-------- Input data --------

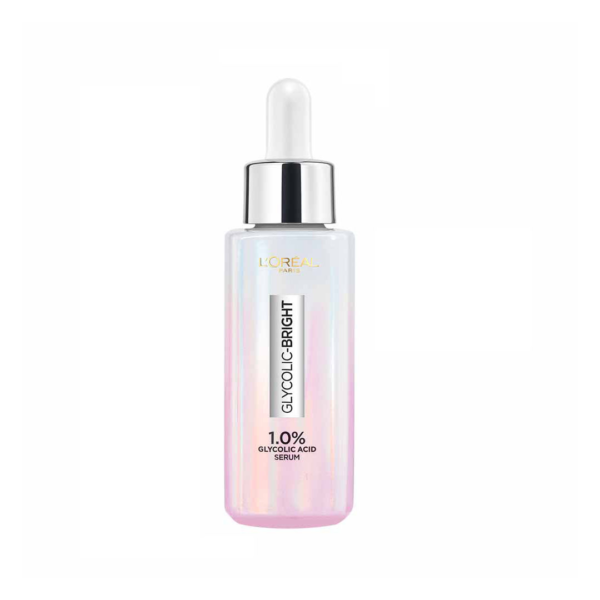 L'Oreal Glycolic Bright Skin Brightening Serum 1% Glycolic Acid Serum For Dark Spots- ZSX1024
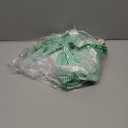 Herseas Women's Striped 2 Piece Bikini Sets Shoulder Strap Knot High Waisted Swimsuits Quick Dry Soft Bathing Suit High Elasticity Long Torso Swim Outfits X-Large Green Stripes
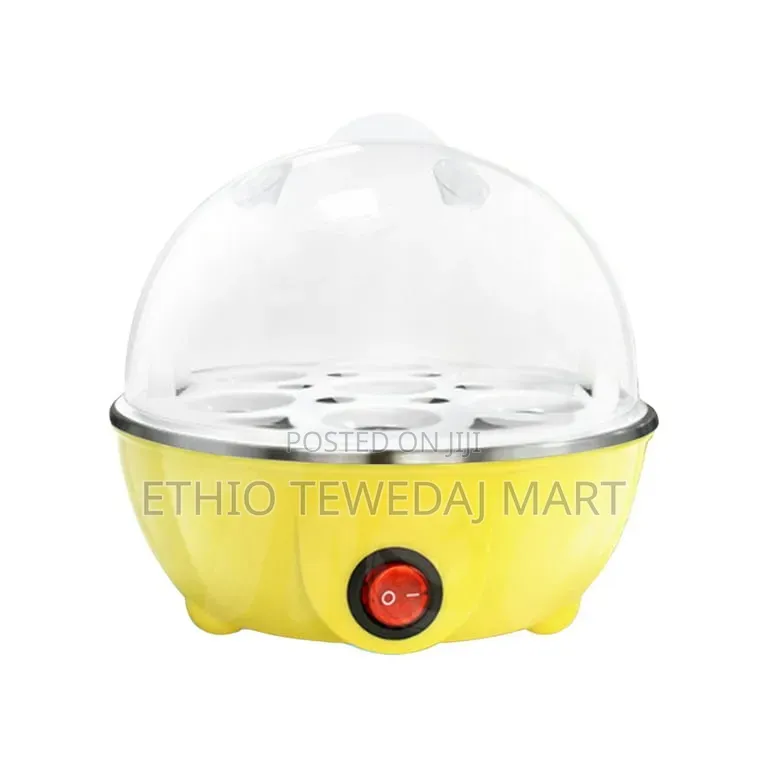 Egg Cooker for Hard Boiled Eggs ኤሌክትሪክ እንቁላል መቀቀያ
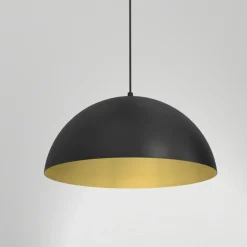 Sklep Kaja Czarna lampa z szerokim, otwartym kloszem MLP7896 z serii BETA | Kaja Oświetleni Discount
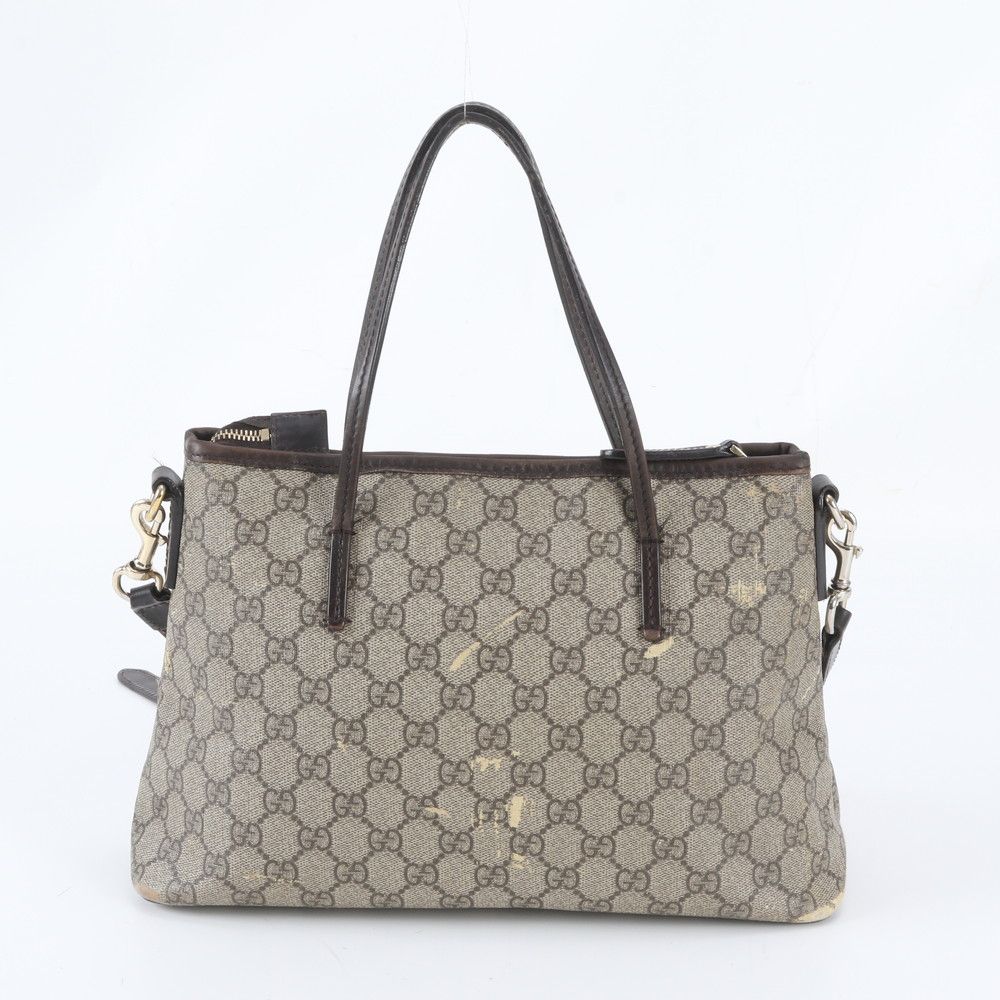 Gucci GG Supreme Leather 2-Way Shoulder Bag Crossbody Hand Tote — view 4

--------

# What to work on:
Could you transcribe every entry exactly, leaving out the pictures?

# Written answer:
 L'Oreal Glycolic Bright Skin Brightening Serum 1% Glycolic Acid Serum For Dark Spots- ZSX1024
 Herseas Women's Striped 2 Piece Bikini Sets Shoulder Strap Knot High Waisted Swimsuits Quick Dry Soft Bathing Suit High Elasticity Long Torso Swim Outfits X-Large Green Stripes
 Egg Cooker for Hard Boiled Eggs ኤሌክትሪክ እንቁላል መቀቀያ
 Sklep Kaja Czarna lampa z szerokim, otwartym kloszem MLP7896 z serii BETA | Kaja Oświetleni Discount
 Gucci GG Supreme Leather 2-Way Shoulder Bag Crossbody Hand Tote — view 4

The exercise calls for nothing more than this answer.